Head coach diversity needle stuck on stupid

Photo by Paul Hokanson Felisha Legette-Jack

Blacks getting first chances as college and pro head coaches continues to be a daunting task.  Getting an HC second chance can be even more daunting and all-but- elusive as well.

Vickie Johnson got her second chance in December when the Dallas Wings named her their next HC. It comes almost three years after Johnson’s first chance ended in San Antonio in 2017, her one and only season at the helm thus far.

Johnson, a former two-time WNBA All-Star, played 12 seasons, plus 12 more overseas. She is the league’s only Black female HC and one of three Blacks overall in a league in which three-fourths of the players are Black.

After two seasons as a Las Vegas assistant coach, Johnson is back in the first chair. “When I got into this coaching I knew I was head coaching material. I didn’t want to be an assistant all my life,” she told reporters during a Zoom introductory press conference last month. “I interviewed for the [Dallas] job in 2018, but it just wasn’t our time. 

“I didn’t want to coach just any team,” explained Johnson.    

Her point can’t be overlooked—too often Blacks are hired to take over losing teams. The Wings haven’t posted a winning season since their days as the Detroit Shock, winning three W titles (2003, 2006 and 2008) before being sold and moved to Tulsa in 2010, then moved to Arlington in 2016.

Dallas went 8-14 in 2020, missing the playoffs for the second straight season. “We are going to build something great here,” said a confident Johnson. “We will build a championship team, but it takes time.”

Reporters peppered Johnson on her coaching philosophy, now coaching one of the league’s youngest but most promising clubs with young stars as Arike Obunbowale, Marina Mabrey and Satou Sabally. She said lessons learned in San Antonio will help her now in Dallas—listening to the players and “trusting your decisions.”

MSR News Online Vickie Johnson

“One thing I’ve learned from coaching is, let the players be who they are,” said the new Dallas coach. “I’m going to help them reach a different level.”

Buffalo WBB Coach Felisha Legette-Jack also is a “second chance” HC. We got to know her when she coached at Indiana (2006-12), where she led the team to three post-season berths yet was fired by the AD who didn’t originally hire her.

“I didn’t want to take the Indiana job,” she recalled, “but I really thought [the AD who hired her] and the [school] president were the right people for me to have success. I went there with my eyes wide open.”

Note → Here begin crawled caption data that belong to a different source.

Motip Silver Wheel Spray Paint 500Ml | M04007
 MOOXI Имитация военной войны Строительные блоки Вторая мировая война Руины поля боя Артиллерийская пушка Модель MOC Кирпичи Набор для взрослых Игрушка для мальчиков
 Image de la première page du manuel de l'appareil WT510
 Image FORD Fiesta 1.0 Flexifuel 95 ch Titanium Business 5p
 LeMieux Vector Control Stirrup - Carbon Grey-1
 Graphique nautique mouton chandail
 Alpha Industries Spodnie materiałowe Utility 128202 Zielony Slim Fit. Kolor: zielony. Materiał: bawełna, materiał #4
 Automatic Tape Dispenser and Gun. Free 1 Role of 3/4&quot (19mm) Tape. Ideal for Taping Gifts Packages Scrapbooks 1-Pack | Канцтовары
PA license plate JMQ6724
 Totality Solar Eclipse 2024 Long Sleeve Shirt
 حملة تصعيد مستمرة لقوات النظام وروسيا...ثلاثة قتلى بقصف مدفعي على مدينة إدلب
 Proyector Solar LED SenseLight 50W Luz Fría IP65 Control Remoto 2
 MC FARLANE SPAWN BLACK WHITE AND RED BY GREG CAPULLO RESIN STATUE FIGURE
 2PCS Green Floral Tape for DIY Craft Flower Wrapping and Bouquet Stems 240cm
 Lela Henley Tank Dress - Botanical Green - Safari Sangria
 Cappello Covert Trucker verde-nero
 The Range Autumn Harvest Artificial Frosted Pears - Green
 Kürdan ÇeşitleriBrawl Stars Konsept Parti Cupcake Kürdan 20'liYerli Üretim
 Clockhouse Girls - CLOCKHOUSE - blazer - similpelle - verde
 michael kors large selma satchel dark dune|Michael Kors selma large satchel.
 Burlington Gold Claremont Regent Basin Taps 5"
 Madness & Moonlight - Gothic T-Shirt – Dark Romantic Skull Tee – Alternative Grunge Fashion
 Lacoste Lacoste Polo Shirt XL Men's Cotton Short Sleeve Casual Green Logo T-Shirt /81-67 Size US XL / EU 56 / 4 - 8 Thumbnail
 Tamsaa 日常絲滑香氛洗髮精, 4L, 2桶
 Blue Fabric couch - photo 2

Now at UB, Legette-Jack is the school’s all-time winningest coach, leading them to seven straight winning seasons and posting 20+ win campaigns in her last five. She has over 300 victories in her 18 seasons as an HC at three different schools (Hofstra, IU and Buffalo).

“I can coach anywhere,” said Legette-Jack.

Regardless of the sport, Blacks seeking first chances too often fall victim to who’s doing the hiring, for the most part Whites. We also hear the tired ‘We can’t find qualified Blacks’ as their fallback refrain when Blacks aren’t hired.

It’s about getting a chance, the same chance that Whites get even with limited experience but Blacks with more experience don’t get. Diversity pledges and Rooney Rules don’t work.

“I’m saddened that the [diversity] needle has not moved much,” said Cal-Riverside Athletic Director Tamica Smith Jones.